Work to be completed: Transcribe the listing exactly, leaving out every picture.

Data excerpt:
%%
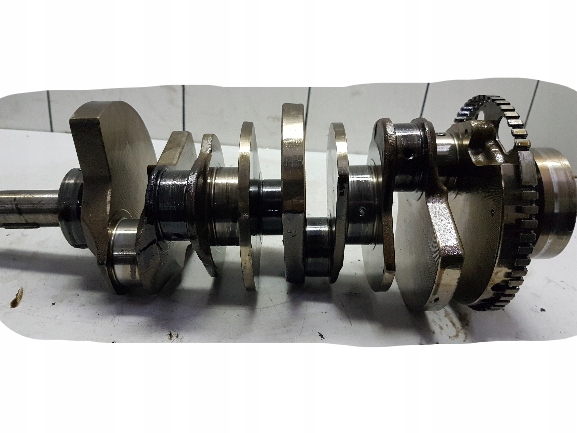 фото №6, Quattroporte ghibli 14r- 3.0 b m165b wał колінчастий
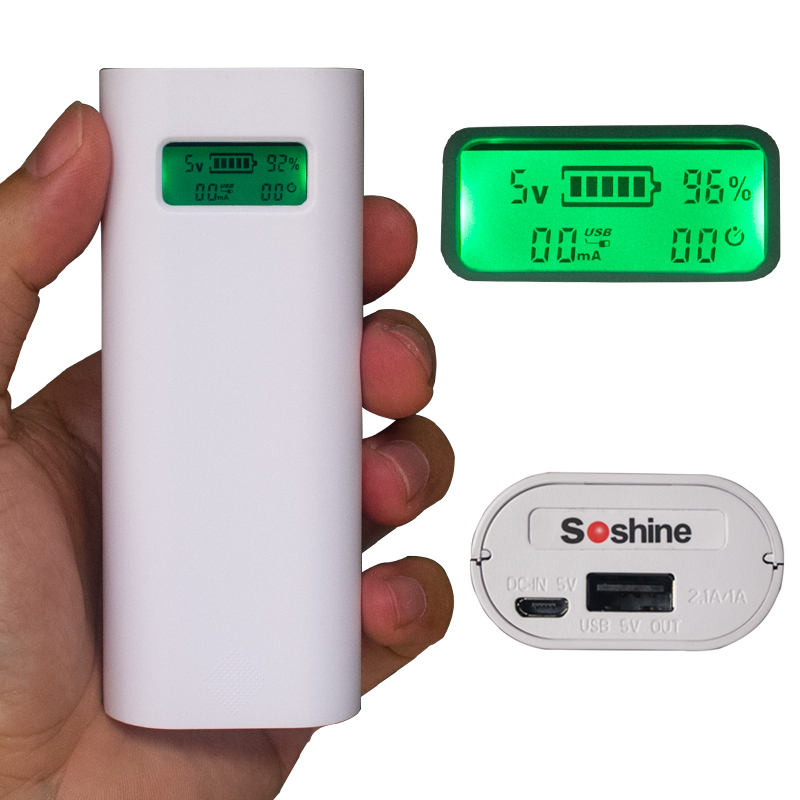 Soshine E4S white (АРХИВ)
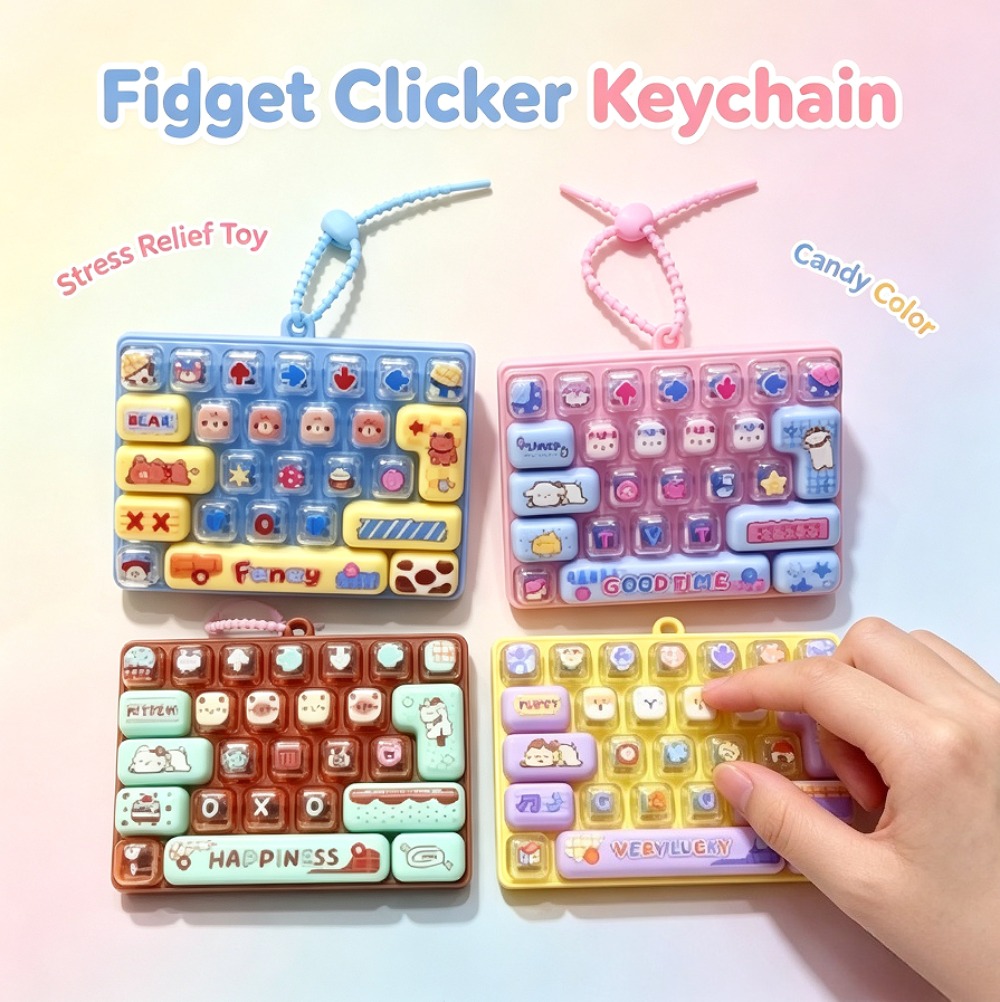 Şeker Renkli Fidget Tuş Başlığ - Cosplay Fire Prop incelemesi ve fiyatı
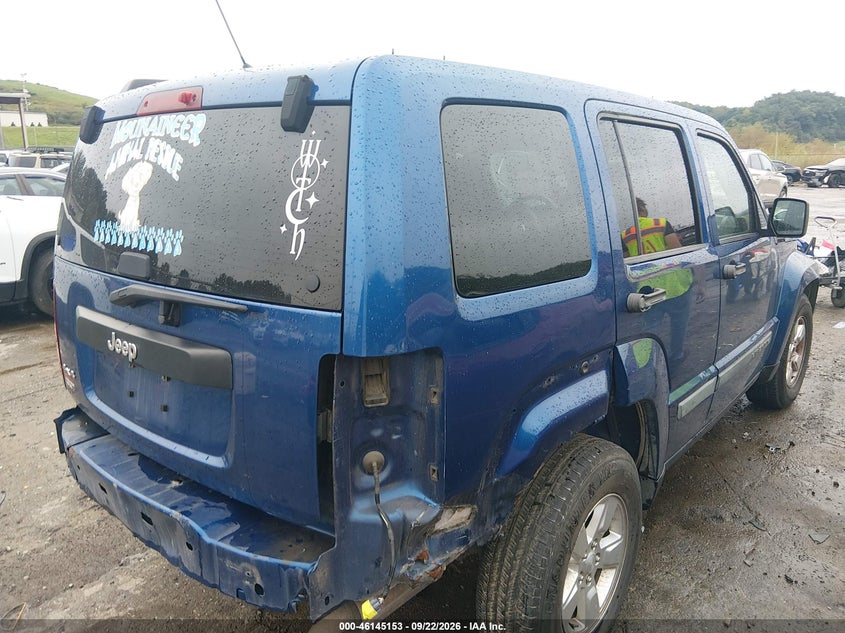 Vin: 1j4pn2gk8aw135271, lot: 46644910, jeep liberty sport 20104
%%
Answer for this exercise:
 фото №6, Quattroporte ghibli 14r- 3.0 b m165b wał колінчастий
 Soshine E4S white (АРХИВ)
 Şeker Renkli Fidget Tuş Başlığ - Cosplay Fire Prop incelemesi ve fiyatı
 Vin: 1j4pn2gk8aw135271, lot: 46644910, jeep liberty sport 20104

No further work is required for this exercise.